◆ What you have to do ◆
Every line below from the one with "伟大祖国句子(优选20句),第1张" through the one with "naked animal funny" should be retyped exactly, both ends included; no other lines and no pictures.

◆ Materials provided ◆
>>

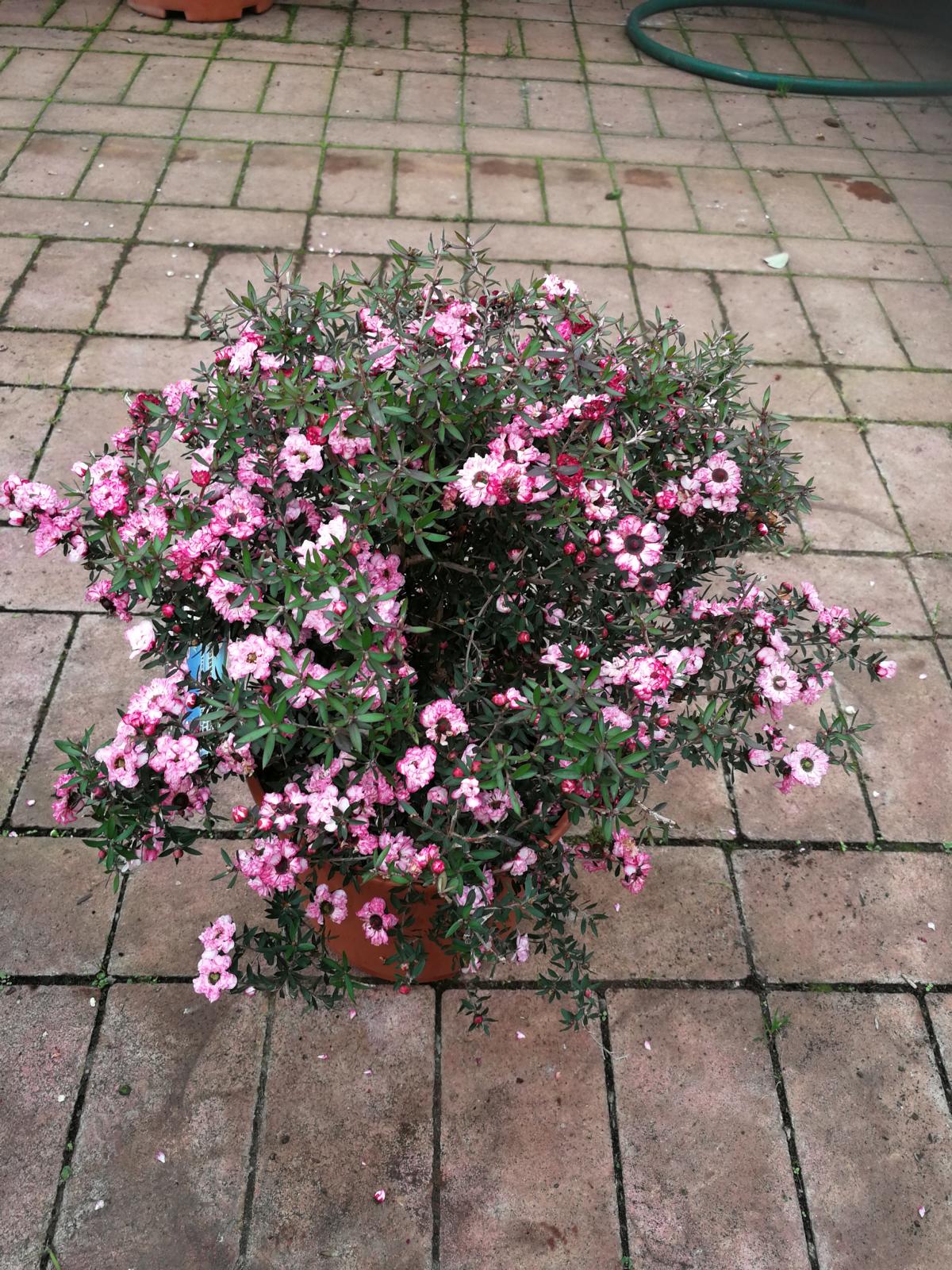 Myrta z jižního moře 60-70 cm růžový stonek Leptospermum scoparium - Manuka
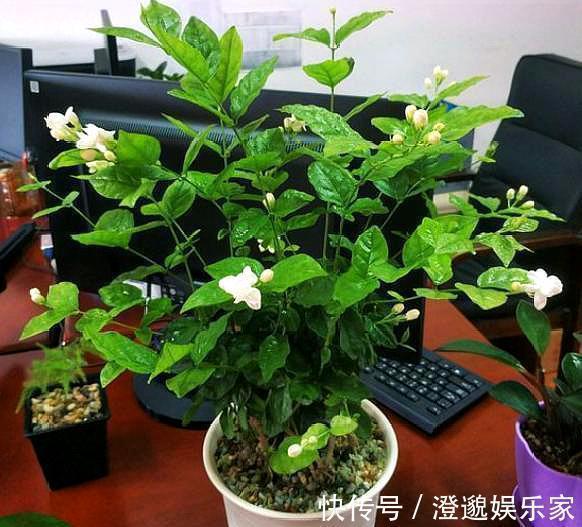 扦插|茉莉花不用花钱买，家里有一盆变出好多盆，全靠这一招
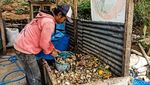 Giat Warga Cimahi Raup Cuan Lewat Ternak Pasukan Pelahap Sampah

<<
>>

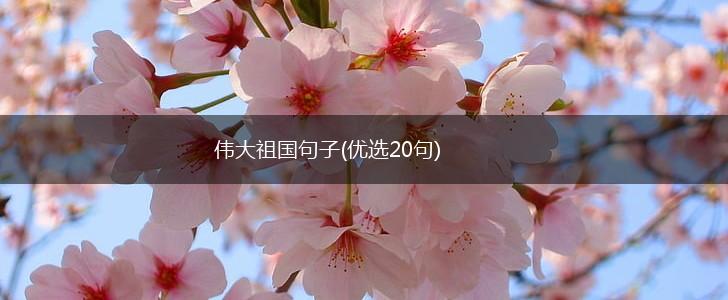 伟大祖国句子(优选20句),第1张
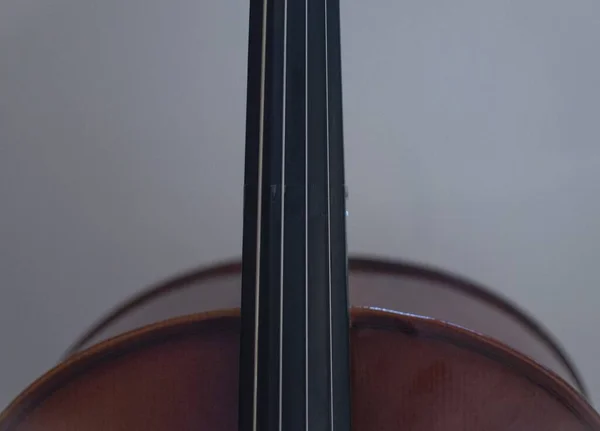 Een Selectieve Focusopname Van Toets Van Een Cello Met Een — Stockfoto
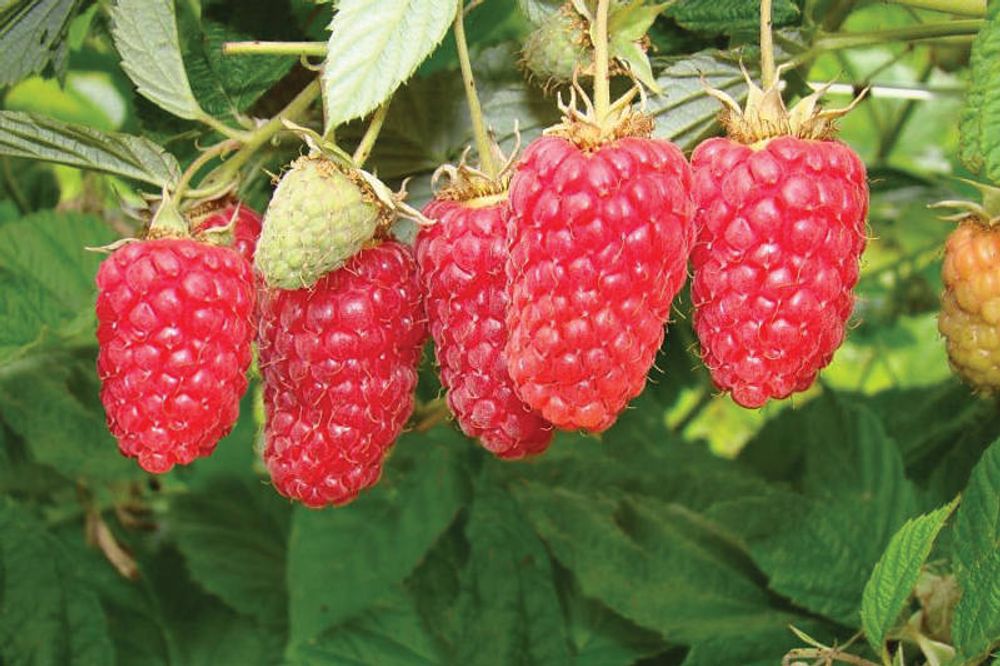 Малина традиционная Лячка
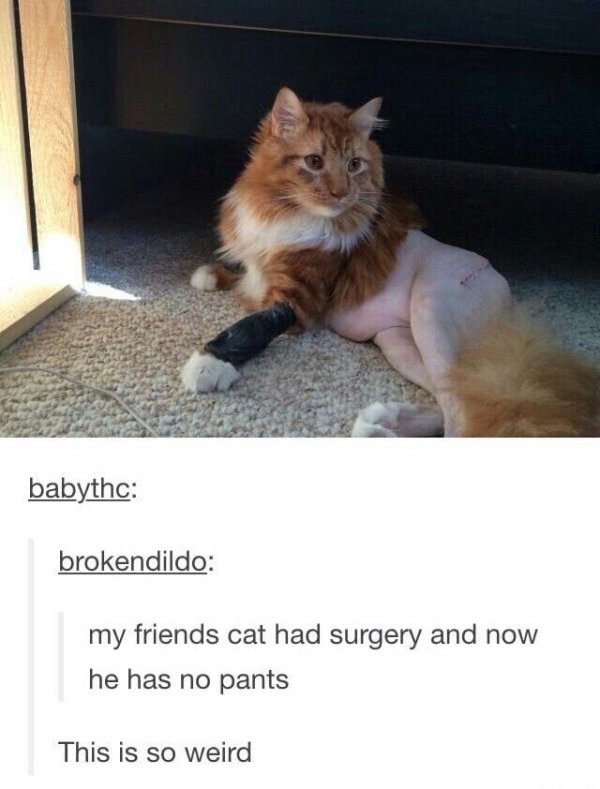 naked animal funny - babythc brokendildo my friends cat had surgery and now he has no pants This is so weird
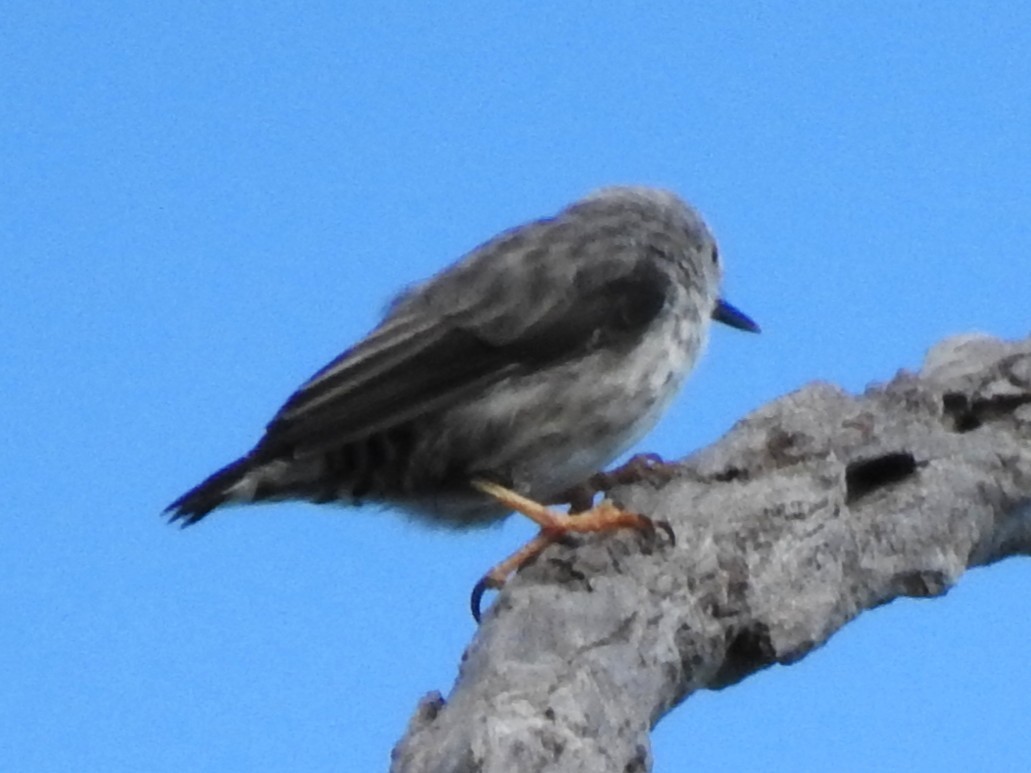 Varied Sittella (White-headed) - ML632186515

<<
>>

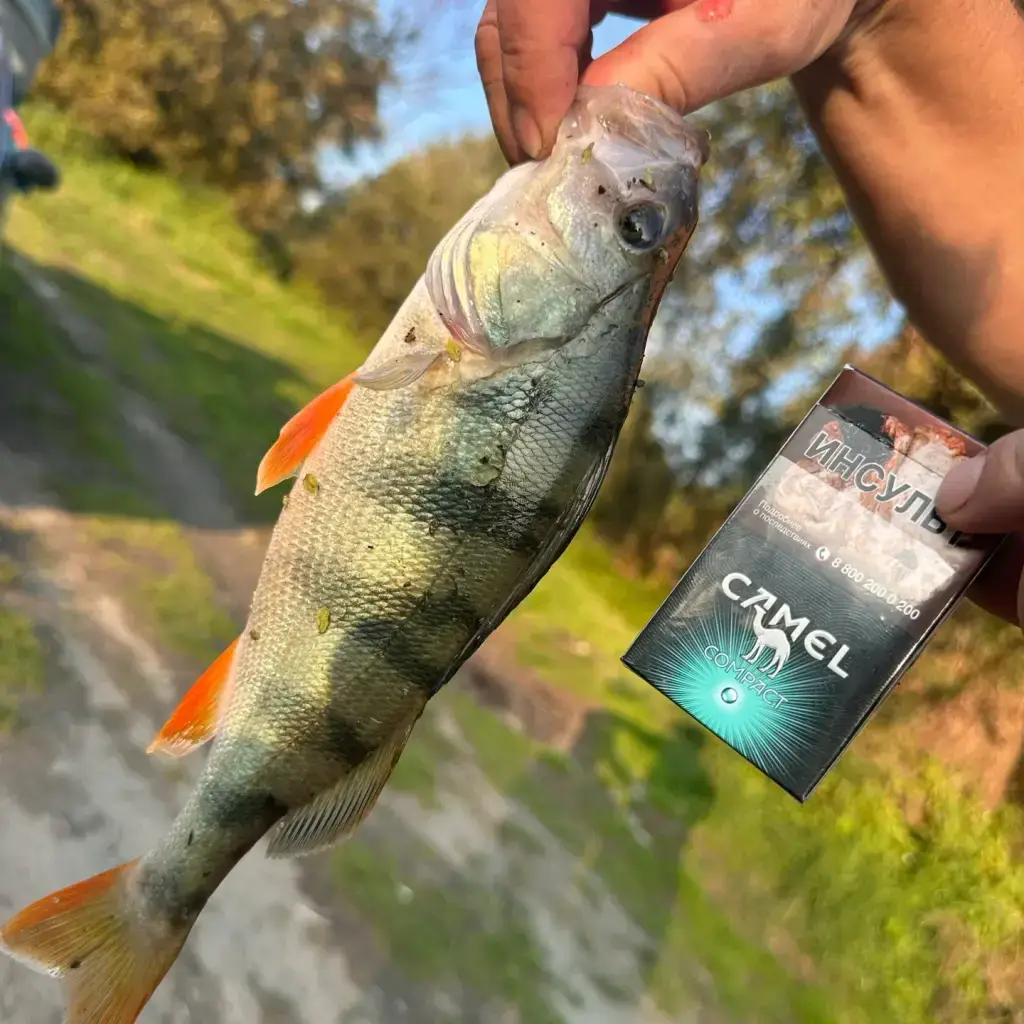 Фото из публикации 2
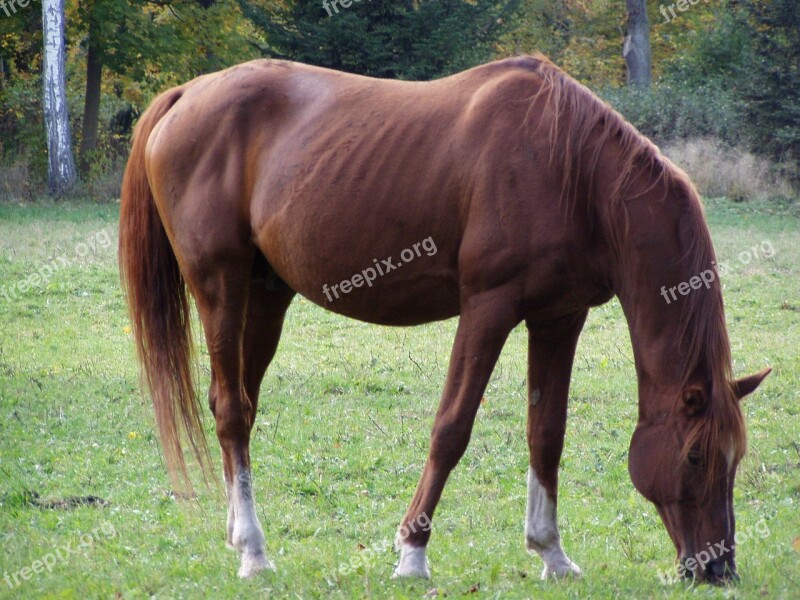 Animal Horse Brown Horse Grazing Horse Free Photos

<<

◆ Result ◆
 伟大祖国句子(优选20句),第1张
 Een Selectieve Focusopname Van Toets Van Een Cello Met Een — Stockfoto
 Малина традиционная Лячка
 naked animal funny - babythc brokendildo my friends cat had surgery and now he has no pants This is so weird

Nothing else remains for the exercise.